=== Exercise description ===
In the entries that follow, the lines from the line containing "PROTO Tools CN-6" up to and including the line containing "Rod Stewart - Superstar, 1998" must be copied exactly, with pictures omitted.

=== The input ===

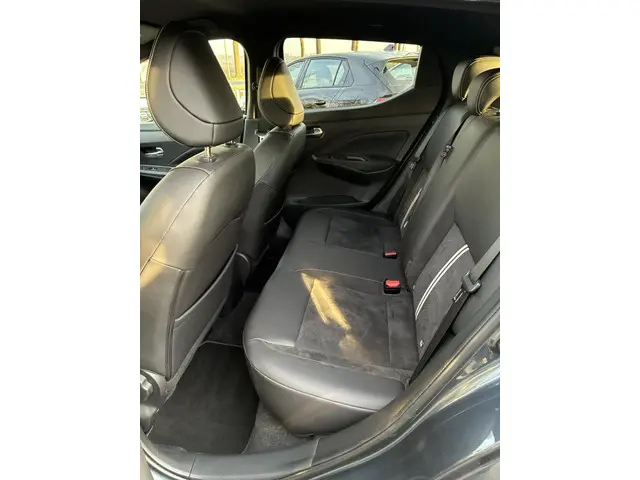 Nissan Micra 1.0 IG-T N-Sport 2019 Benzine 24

--

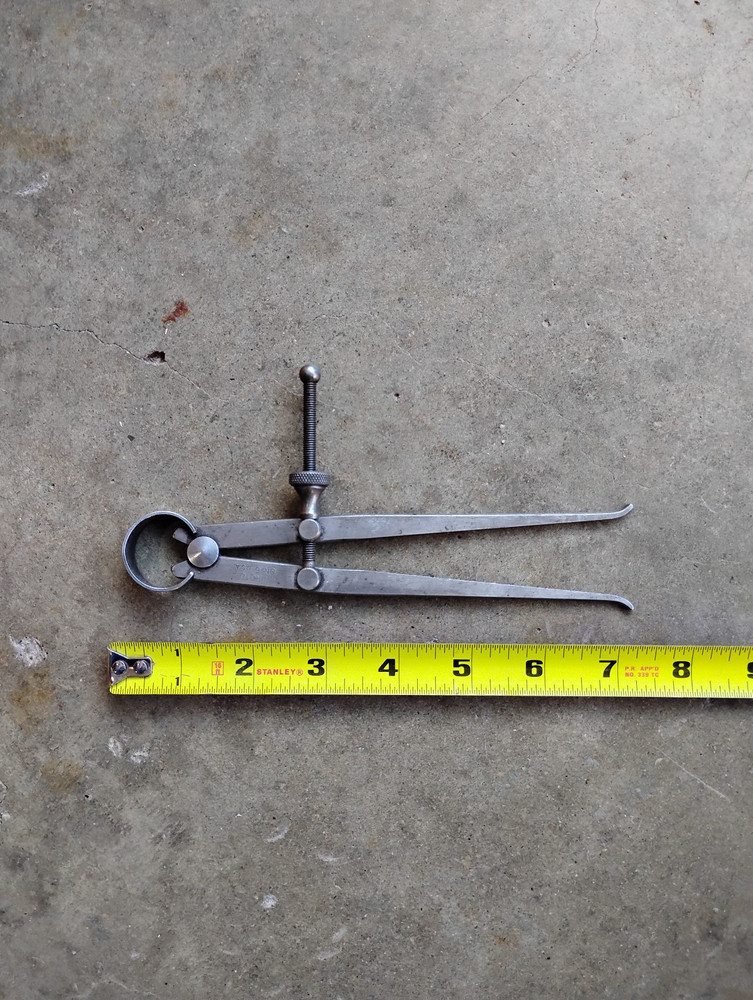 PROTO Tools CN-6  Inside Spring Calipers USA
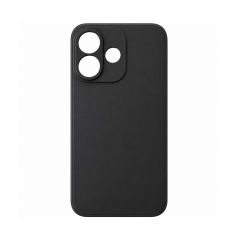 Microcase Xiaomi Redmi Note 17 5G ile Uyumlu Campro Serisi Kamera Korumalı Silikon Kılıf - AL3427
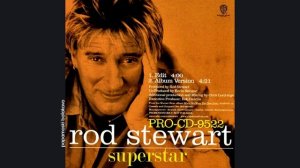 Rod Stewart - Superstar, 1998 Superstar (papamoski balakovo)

* * *

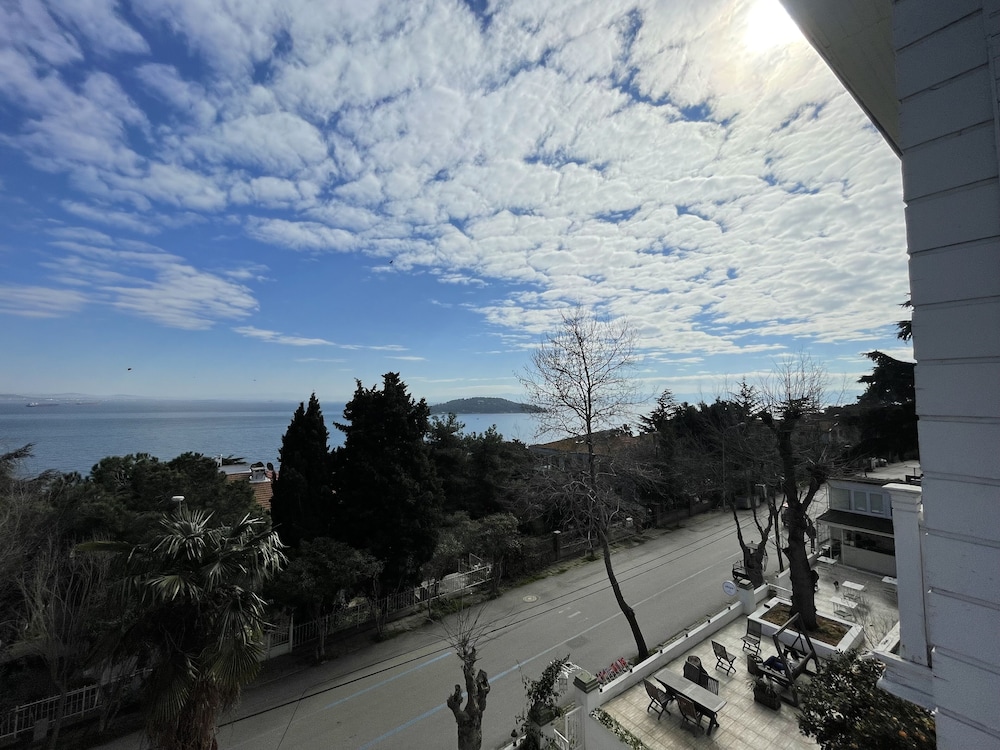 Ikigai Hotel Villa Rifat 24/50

=== The answer ===
 PROTO Tools CN-6  Inside Spring Calipers USA
 Microcase Xiaomi Redmi Note 17 5G ile Uyumlu Campro Serisi Kamera Korumalı Silikon Kılıf - AL3427
 Rod Stewart - Superstar, 1998 Superstar (papamoski balakovo)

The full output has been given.